APRIL 9, 2020 @ 1700 GMT | FILE – In this April 21, 1970 file photo, Apollo 13 commander James A. Lovell Jr., left, opens the astronauts televised news conference at the Manned Spacecraft Center, Houston, by saying “I’m not a superstitious man” alluding to the number 13 and the trouble that befell the flight. With Lovell are his fellow crew members, command module pilot John Swigert, center, and lunar module pilot Fred Haise. With their moon-bound spacecraft wrecked by an oxygen tank explosion on April 13, 1970, the astronauts urgently radioed, “Houston, we’ve had a problem here.” Screenwriters for the 1995 film “Apollo 13″ wanted to punch that up. Thus was born “Houston, we have a problem.” (AP Photo)

CAPE CANAVERAL, Fla. (AP) — Apollo 13′s best known quotes originated not in space or Mission Control, but in Hollywood.

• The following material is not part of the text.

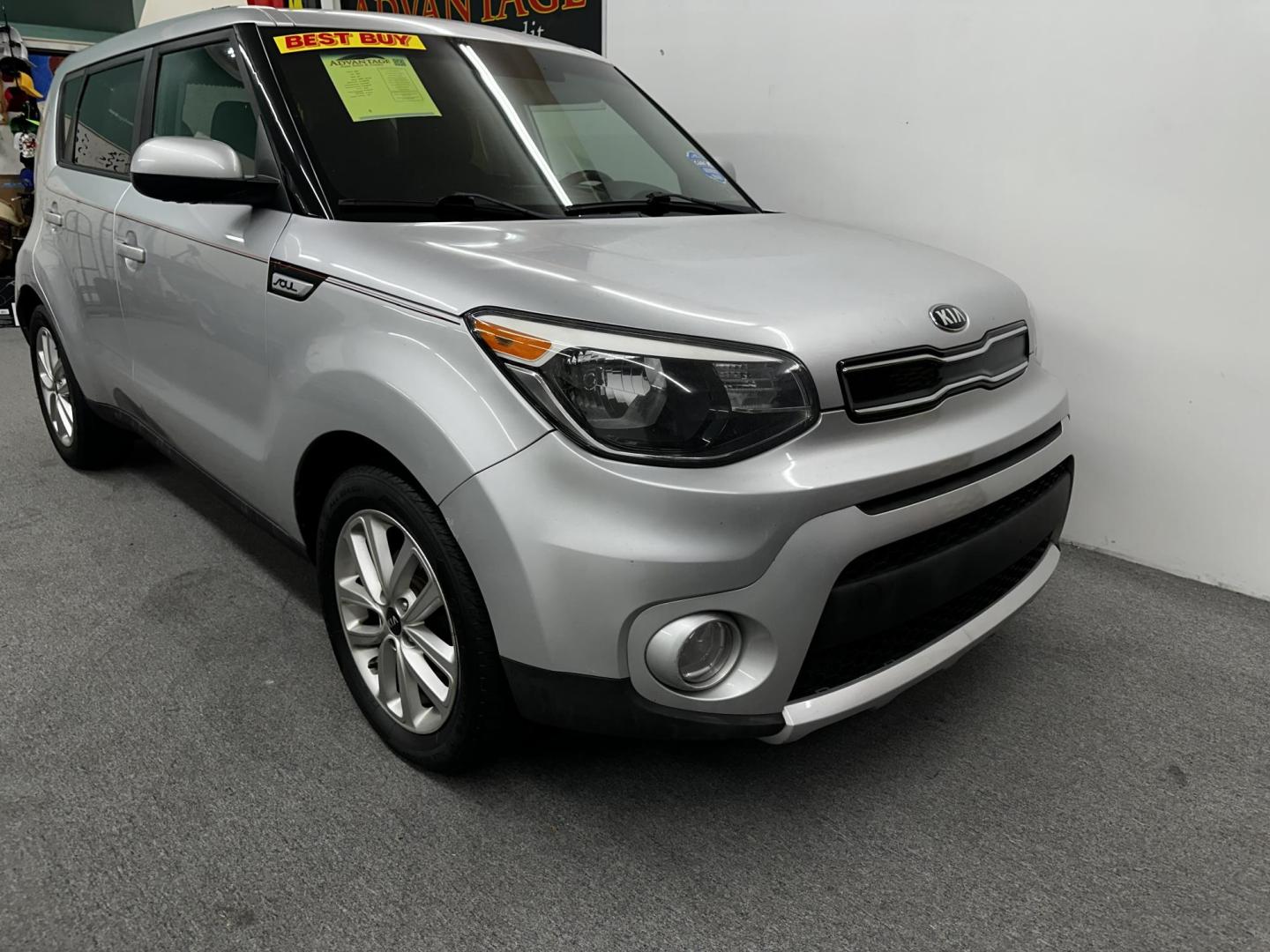 2018 SILVER /GRAY Kia Soul + (KNDJP3A50J7) with an 2.0L L4 DOHC 16V engine, 6A transmission, located at 533 S West End Blvd., Quakertown, PA, 18951, (877) 257-4995, 40.343994, -75.303604 - INCLUDED IN THE SALE PRICE OF EVERY VEHICLE: 48 Hour Money Back Guarantee 6 Month - 6,000 Mile Warranty Brand New PA State Inspection & Emission $10 Oil Changes for the Life of the Loan Complete CARFAX - Photo#2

Their moon-bound spacecraft wrecked by an oxygen tank explosion on April 13, 1970, the astronauts urgently radioed, “Houston, we’ve had a problem here.”

Screenwriters for the 1995 film “Apollo 13″ wanted to punch that up. Thus was born “Houston, we have a problem.”

Even more artistic license was taken with NASA flight director Gene Kranz’ mobilizing speech to his team in Houston.